- **Action item**: Without the images, output every record exactly as it appears.

# # # #

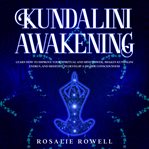 Kundalini awakening: learn how to improve your spiritual and mind power, awaken kundalini energy, cover image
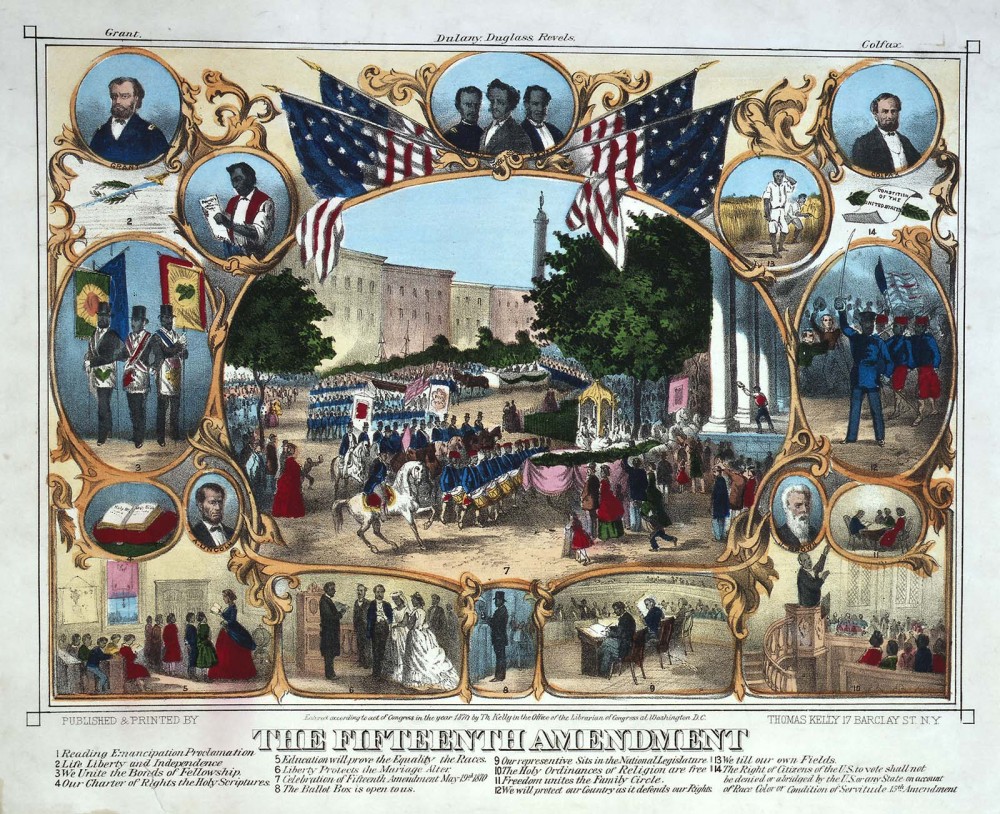 A print showing a variety of scenes. 1, Reading Emancipation Proclamation. 2, Life, Liberty, and Independence. 3, We Unite the Bonds of Fellowship. 4, Our charter of rights the Holy Scriptures. 5, Education will probe the equality the Races. 6, Liberty protects the marriage alter. 7, Celebration of fifteenth amendment May nineteenth 1870. 8, The Ballot Box is open to us. 9, Our representative sits in the national legislature. 10, The Holy Ordinances of Religion are free. 11, Freedom unites the family circle. 12, We will protect our country as it defends our rights. 13, We will our own fields. 14, The right of citizens of the U.S. to vote shall not be denied or abridged by the U.S. or any state on account of Race Color or Condition of Servitude Fifteenth Amendment.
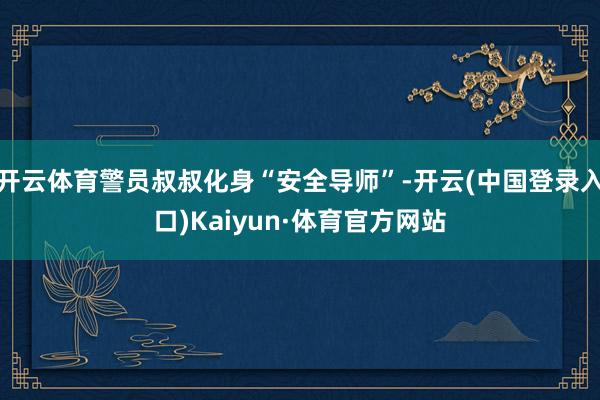 开云体育警员叔叔化身“安全导师”-开云(中国登录入口)Kaiyun·体育官方网站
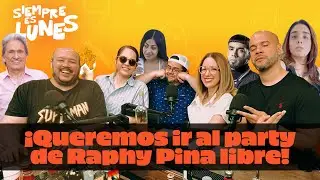 ¡Queremos ir al party de Raphy Pina libre!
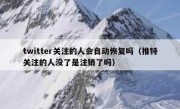 twitter关注的人会自动恢复吗（推特关注的人没了是注销了吗）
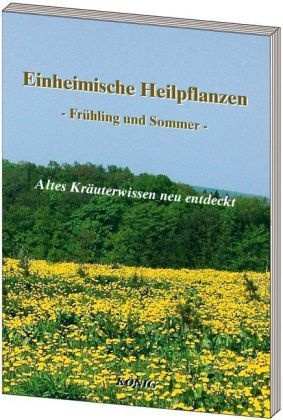 Einheimische Heilpflanzen - Frühjahr Und Sommer  Kartoniert (TB)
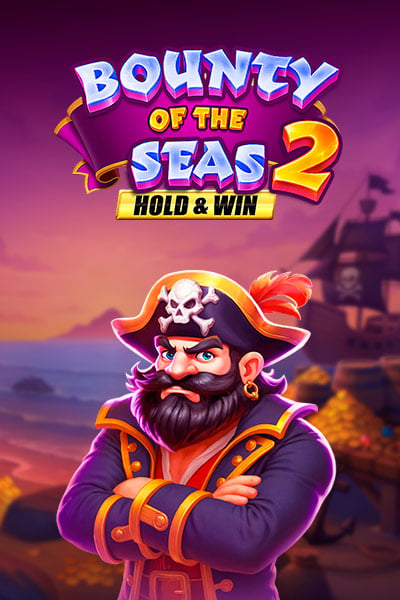 Bounty of the Seas 2 Hold & Win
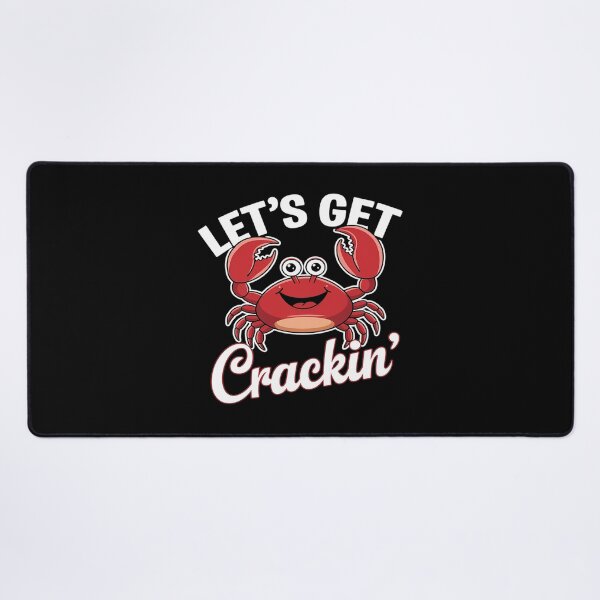 Item preview, Let's Get Crackin - Funny Crab Eater Seafood Lover Crab Boil designed and sold by RoyTill0Art.
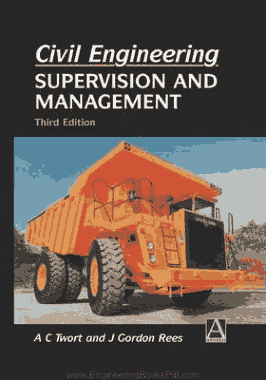 Free Download PDF Books, Civil Engineering Supervision and Management Third Edition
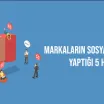 Markaların Sosyal Medyada Yaptığı 5 Hata!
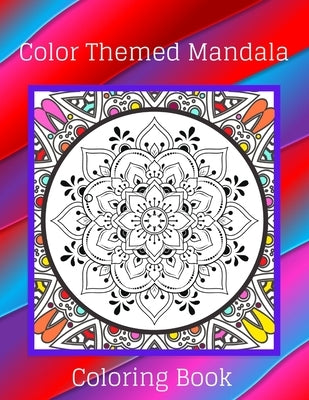 Color Themed Mandala Coloring Book: In Color Mandalas Pattern Design Coloring Pages For Adults by Welsh, Elora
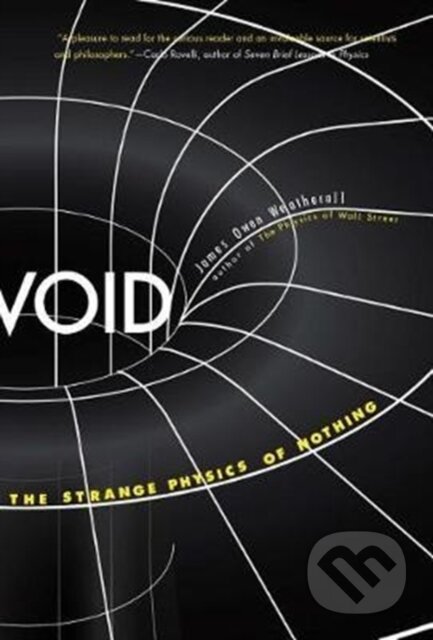 Kniha: Void : The Strange Physics of Nothing (James Owen Weatherall). Yale University Press, 2017 Kniha: Void : The Strange Physics of Nothing (James Owen Weatherall). Yale University Press, 2017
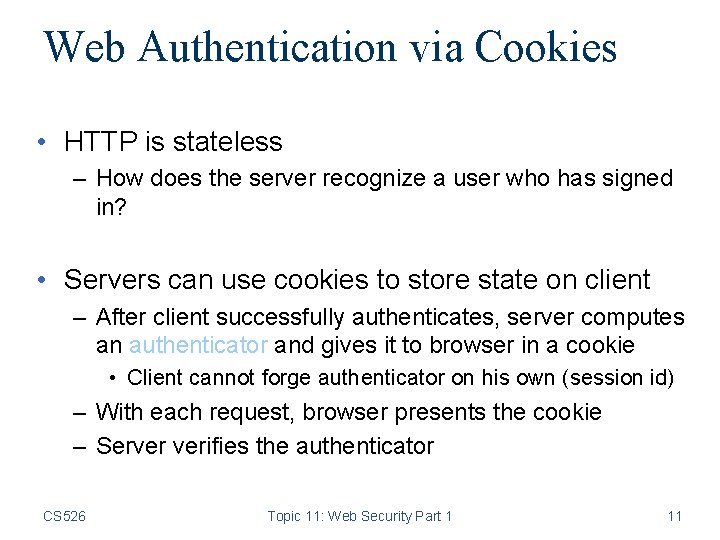 Web Authentication via Cookies • HTTP is stateless – How does the server recognize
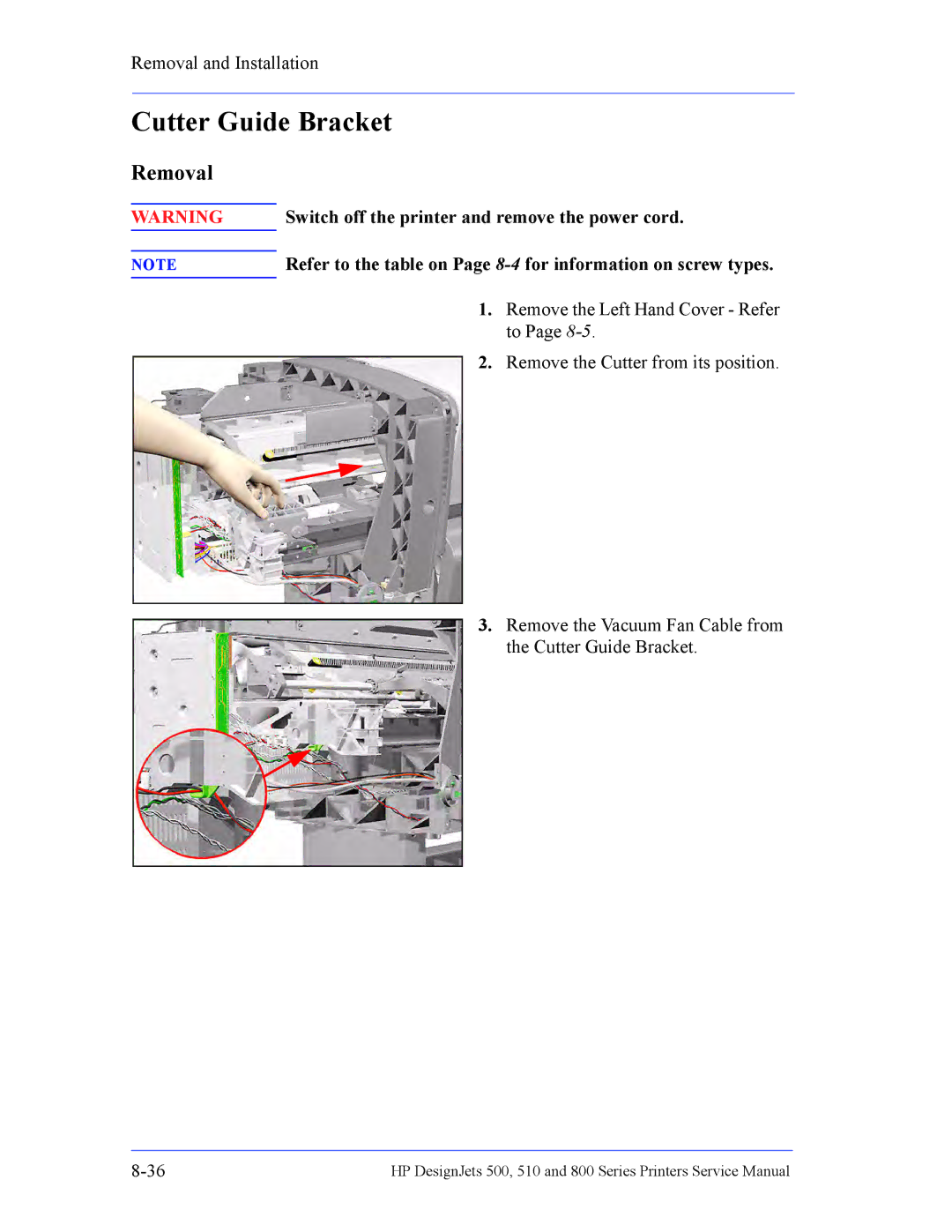 HP 510 Inkjet Large Format CH336A#B1K manual Cutter Guide Bracket, Remove the Cutter from its position 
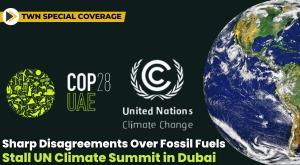 cop28-sharp-disagreements-over-fossil-fuels-stall-un-climate-summit-in-dubai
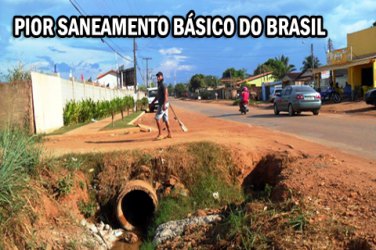 Porto Velho é a pior cidade em saneamento básico do país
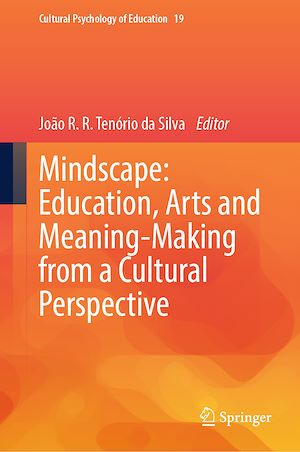 Téléchargez le livre :  Mindscape: Education, Arts and Meaning-Making from a Cultural Perspective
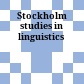 Stockholm studies in linguistics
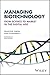 Managing Biotechnology: From Science to Market in the Digital Age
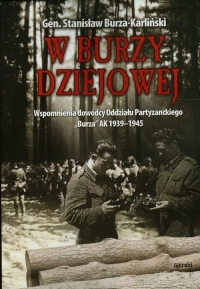 W burzy dziejowej Wspomnienia dowódcy Oddziału Partyzanckiego "Burza" AK 1939-1945 - Stanisław Burza-Karliński | mała okładka
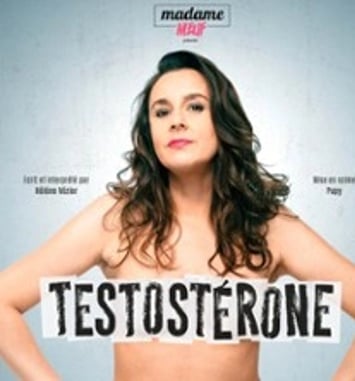 Madame Meuf, Testostérone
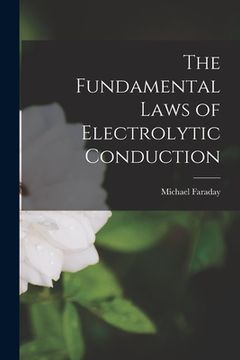 portada The Fundamental Laws of Electrolytic Conduction (en Inglés)
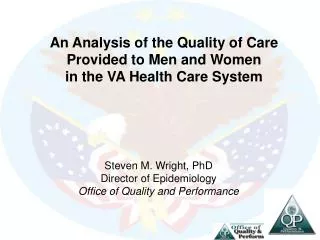 Steven M. Wright, PhD Director of Epidemiology Office of Quality and Performance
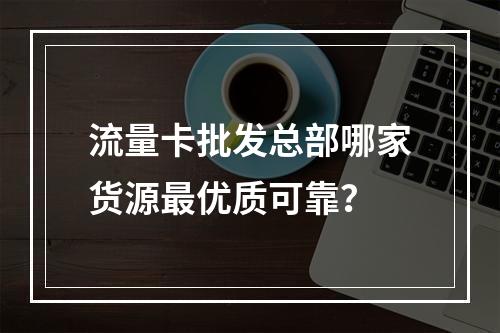 流量卡批发总部哪家货源最优质可靠？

# # # #

- **Result of the task**:
 Kundalini awakening: learn how to improve your spiritual and mind power, awaken kundalini energy, cover image
 A print showing a variety of scenes. 1, Reading Emancipation Proclamation. 2, Life, Liberty, and Independence. 3, We Unite the Bonds of Fellowship. 4, Our charter of rights the Holy Scriptures. 5, Education will probe the equality the Races. 6, Liberty protects the marriage alter. 7, Celebration of fifteenth amendment May nineteenth 1870. 8, The Ballot Box is open to us. 9, Our representative sits in the national legislature. 10, The Holy Ordinances of Religion are free. 11, Freedom unites the family circle. 12, We will protect our country as it defends our rights. 13, We will our own fields. 14, The right of citizens of the U.S. to vote shall not be denied or abridged by the U.S. or any state on account of Race Color or Condition of Servitude Fifteenth Amendment.
 开云体育警员叔叔化身“安全导师”-开云(中国登录入口)Kaiyun·体育官方网站
 ¡Queremos ir al party de Raphy Pina libre!
 twitter关注的人会自动恢复吗（推特关注的人没了是注销了吗）
 Einheimische Heilpflanzen - Frühjahr Und Sommer  Kartoniert (TB)
 Bounty of the Seas 2 Hold & Win
 Item preview, Let's Get Crackin - Funny Crab Eater Seafood Lover Crab Boil designed and sold by RoyTill0Art.
 Free Download PDF Books, Civil Engineering Supervision and Management Third Edition
 Markaların Sosyal Medyada Yaptığı 5 Hata!
 Color Themed Mandala Coloring Book: In Color Mandalas Pattern Design Coloring Pages For Adults by Welsh, Elora
 Kniha: Void : The Strange Physics of Nothing (James Owen Weatherall). Yale University Press, 2017 Kniha: Void : The Strange Physics of Nothing (James Owen Weatherall). Yale University Press, 2017
 Web Authentication via Cookies • HTTP is stateless – How does the server recognize
 HP 510 Inkjet Large Format CH336A#B1K manual Cutter Guide Bracket, Remove the Cutter from its position 
 cop28-sharp-disagreements-over-fossil-fuels-stall-un-climate-summit-in-dubai
 Porto Velho é a pior cidade em saneamento básico do país
 Téléchargez le livre :  Mindscape: Education, Arts and Meaning-Making from a Cultural Perspective
 Stockholm studies in linguistics
 Managing Biotechnology: From Science to Market in the Digital Age
 W burzy dziejowej Wspomnienia dowódcy Oddziału Partyzanckiego "Burza" AK 1939-1945 - Stanisław Burza-Karliński | mała okładka
 Madame Meuf, Testostérone
 portada The Fundamental Laws of Electrolytic Conduction (en Inglés)
 Steven M. Wright, PhD Director of Epidemiology Office of Quality and Performance
 流量卡批发总部哪家货源最优质可靠？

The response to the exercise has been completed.